Monday, November 22, 2010

Progress back home

There’s progress planned for my home state of Illinois. The newly-elected Governor, Pat Quinn, wants a Civil Union law on his desk by the end of the year. It’s very clear-cut. The purposes, listed in Section 5, are pretty clear:

“…to provide adequate procedures for the certification and registration of a civil union and provide persons entering into a civil union with the obligations, responsibilities, protections, and benefits afforded or recognized by the law of Illinois to spouses.”

The law makes things clearer in its definitions:

"’Party to a civil union’ means a person who has established a civil union pursuant to this Act. ‘Party to a civil union’ means, and shall be included in, any definition or use of the terms ‘spouse’, ‘family’, ‘immediate family’, ‘dependent’, ‘next of kin’, and other terms that denote the spousal relationship, as those terms are used throughout the law.”

So, it’s pretty clear the intention is to create a separate-but-fully-equal marriage-like legal arrangement. Even dissolution is handled in the same way a dissolution of a marriage (Section 45).

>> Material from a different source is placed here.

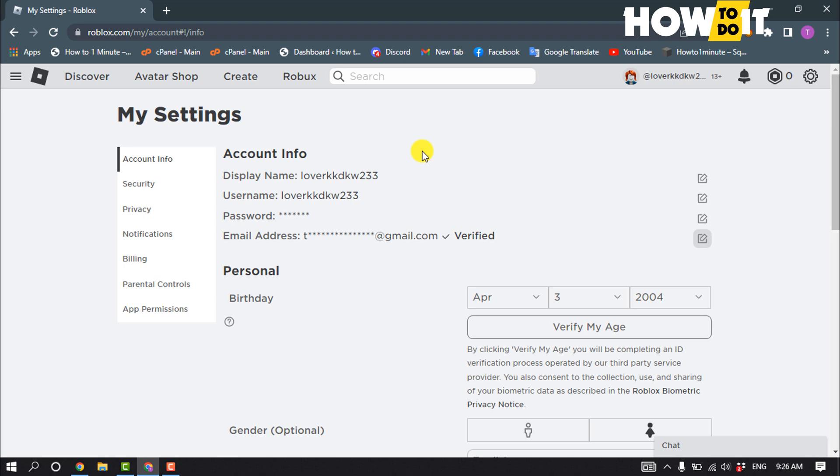But one more thing - you'll be able to change your email address after verifying your current email address. So as you can see, my current email address has been verified, and now let's see how to change or update email address.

Section 60 describes reciprocity:

“A marriage between persons of the same sex, a civil union, or a substantially similar legal relationship other than common law marriage, legally entered into in another jurisdiction, shall be recognized in Illinois as a civil union.”

In other words, a same-sex couple married in Canada or Massachusetts would no longer be married in Illinois—they’d be in a civil union instead. On the other hand, folks who are already in a civil union or similarly formally recognised relationship would have that relationship recognised in Illinois.

I think this section is unconstitutional. The Full Faith and Credit Clause of the US Constitution (Article IV. Section 1) requires states to recognise the public acts—like marriage—of other states. So, Illinois has no right to recognise a same-sex marriage as anything other than a marriage and civil unions as civil unions.

Regardless, this law could be an important step forward toward achieving full legal equality for gay and lesbian Illinoisans—as long as they’re already US citizens or permanent residents; this law would change nothing for bi-national couples.

So, civil unions are not marriage, nor are they truly equal to marriage when some people are excluded from participating in marriage simply because they’re gay. Because of this, some people are adamant that it’s “all or nothing”. Much as I’m an ardent advocate for full marriage equality, I disagree that it’s best to hold out for full equality.

There’s no proof that holding out will make full equality arrive any sooner. And what of the couples who are disadvantaged in the meantime? That’s why I so often say that civil unions are better than nothing, but something that will be a perfectly reasonable choice on its own once marriage equality is achieved.

I hope Illinois does this one good thing.